_Work request_
Please reproduce exactly, and only, the line containing "BBWL Pfefferstreuer Gewürzgläser" and every line after it to the end of the records below, leaving out all pictures.

◆ ◆ ◆ ◆

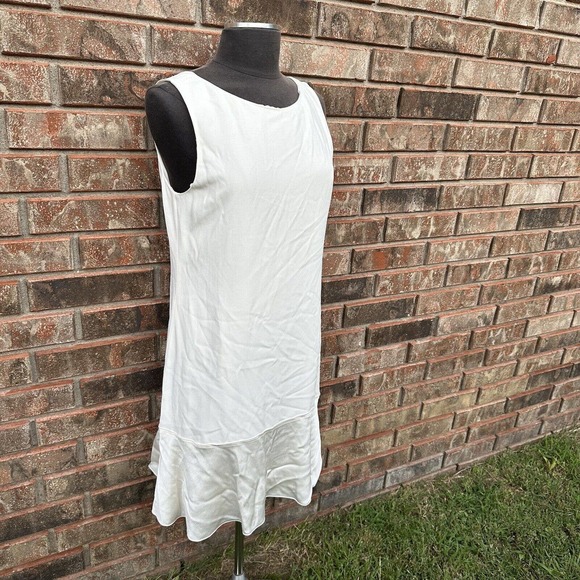 Theory Womens Dress Size 10 Warm Ivory Kensington Flirty Flare Low Back Designer - Picture 2 of 11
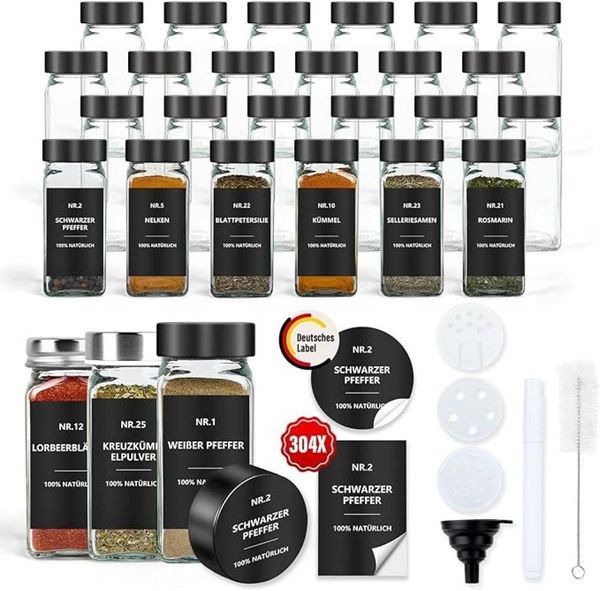 BBWL Pfefferstreuer Gewürzgläser Set eckig 120 ml mit Zubehör, 12er, 24er oder 36er Set, (24-tlg), luftdichte Gewürzdosen aus Glas mit Etiketten für Schubladen&Organizer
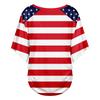 Women's V-Neck Short Sleeve T-Shirt with Letter Print for Soccer Fans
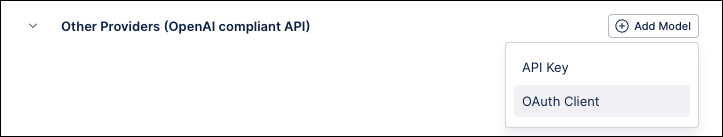 Screenshot showing the options in the Add Model dropdown on the AI Settings screen.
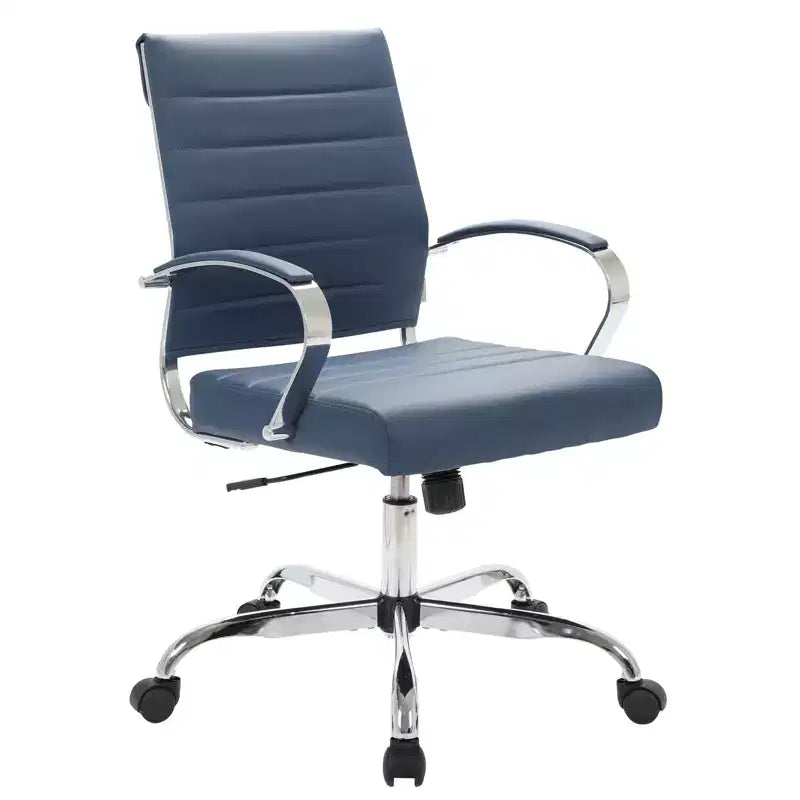 Chaise de bureau LeisureMod Benmar en cuir côtelé - Chaise de bureau exécutive pivotante et inclinable de style Mid-Century Modern - Piètement chromé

◆ ◆ ◆ ◆

_Solution for this task_
 BBWL Pfefferstreuer Gewürzgläser Set eckig 120 ml mit Zubehör, 12er, 24er oder 36er Set, (24-tlg), luftdichte Gewürzdosen aus Glas mit Etiketten für Schubladen&Organizer
 Women's V-Neck Short Sleeve T-Shirt with Letter Print for Soccer Fans
 Screenshot showing the options in the Add Model dropdown on the AI Settings screen.
 Chaise de bureau LeisureMod Benmar en cuir côtelé - Chaise de bureau exécutive pivotante et inclinable de style Mid-Century Modern - Piètement chromé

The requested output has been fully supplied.